92歳の元特攻隊員の岩井さんが若者達に戦争の事について語る理由を尋ねた。岩井さんが徴兵されたのは大学生の時。昭和18年頃に戦局が大きく変化し、兵力が激減し、文系大学からも徴兵された。当時について岩井さんは『教官達からは「貴様たちは生きて帰れない」っていうふうに言われました』と語った。そして、現在岩井さんは若者に同じ体験をしてほしくないという気持ちを直接若者に語りたいと考えるようになったなど話した。
岩井さんは立命館大学へとやってきた。岩井さんは戦争の体験について話すことにためらいがあるが、大学の授業で平和授業を進めていることを知り、話すことができないか相談した。
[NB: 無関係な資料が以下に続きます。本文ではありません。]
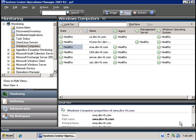I have my System Center Operations Manager 2007 R2 console opened and I've already deployed agents to six machines on the network. As you can see from the dashboard, they're all in a healthy state.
そして、岩井さんが徴兵された大学1年生に語る事になった。
今から70年前余、岩井さんらは航海士になる訓練を受けていた。そこで、特殊兵器の搭乗員への志願が突然、求められた。兵器の詳細を知らされないまま志願した岩井さんは長崎・川棚町にある訓練所へと向かった。特殊兵器「震洋」はベニヤ板のボートで船首に爆薬を取り付けた特攻兵器だった。
昭和20年3月、岩井さんらは石垣島に出撃するも、。アメリカ軍の攻撃により船が沈没し岩井さんは救出され、そのまま終戦を迎えたという。「震洋」の乗組員の多くは若者で基地要員も含め2500人が戦死した。隊員らの考えとして「命を捧げることが起死回生の一手に」なるのではと考えていた。
特攻を志願した岩井さん実は岩井さんの兄も特攻に参加していたという。この日95歳の誕生日を迎える忠正さんの誕生会に参加していた。特攻の志願はそれぞれ話し合うことも無く志願したという。
特攻へと志願した理由について忠正さんに尋ねた。忠正さんが特攻へと志願した時期、日本は負け続けていた。そんな中「一発必中の」特殊兵器が開発された。死にたくないと思っていたがそれは避けられない運命を受け入れていたなど話した。忠正さんの部隊は人間魚雷の「回天」を使用する部隊だったが、使用する事もなく終戦を迎えた。
岩井忠熊さんは若者へどうしたら気持ちが伝わるか何度も原稿を書きなおして考えていた。そして、授業当日40人の大学生が集まった。授業では教官達が学生たちを修正という鉄拳でぶん殴るという行為があったなど話した。そして、特攻へ志願した理由について 「予備学生でも面目を見せてやりたいという気持ちが強かった」など様々な考えが張り巡ったと話した。そして、岩井さんは「あふれる情報に押し流されていけば、私の犯したような愚行を犯すことになりかねません」など伝えた。
岩井さんの話を聞いた学生から「戦争に対して思うこと」について聞かれると岩井さんは「我々の運命に関わることが全く正しい情報として伝わらないで、戦争というものが始められるということは二度と繰り返してはいけない」など話した。
授業を終えた岩井さんは「真剣に聞いてくれたと思う。分かろうという気持ちはみなさん持っていたのです」など話した。